Anche i lavoratori dei fast food Usa si arrabbiano e, contro i “salari da fame”, che arrivano appena a 9 dollari l’ora, scatta la serrata dei dipendenti dell’hamburger: l’obiettivo è quello di un adeguamento contrattuale che riconosca ai dipendenti del settore almeno 15 dollari l’ora, lo scontro tra sindacati e big come McDonald’s, Kfc, Wendy, Burger King e altre tra le maggiori catene di ristorazione “Made in Usa” si preannuncia durissimo, ma intanto, in 50 città del Paese, da Chicago a New York, le griglie resteranno fredde.

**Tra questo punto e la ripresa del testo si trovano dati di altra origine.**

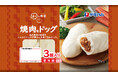 「ほっ!と飲茶 てりまよドッグ/焼肉味ドッグ」を新発売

Dopo mesi di scioperi locali (il primo ad aprile a New York e Chicago, organizzato dall’associazione “Fast-food forward”), la protesta per la prima volta è stata capace di coinvolgere i lavoratori del profondo Sud, dove, tradizionalmente, i sindacati hanno un peso a dir poco marginale, basti pensare che in città come Memphis, in Tennessee, Raleigh in North Carolina e Tampa, Florida, è la prima volta che i “fast-food workers”, i ragazzi che passano ore a friggere patatine, si fermano per migliorare le loro condizioni di lavoro. Ad oggi, infatti, lo stipendio medio è di 18.500 euro, sotto al livello minimo di sopravvivenza, indicato dal Census Bureau in 23.000 dollari l’anno.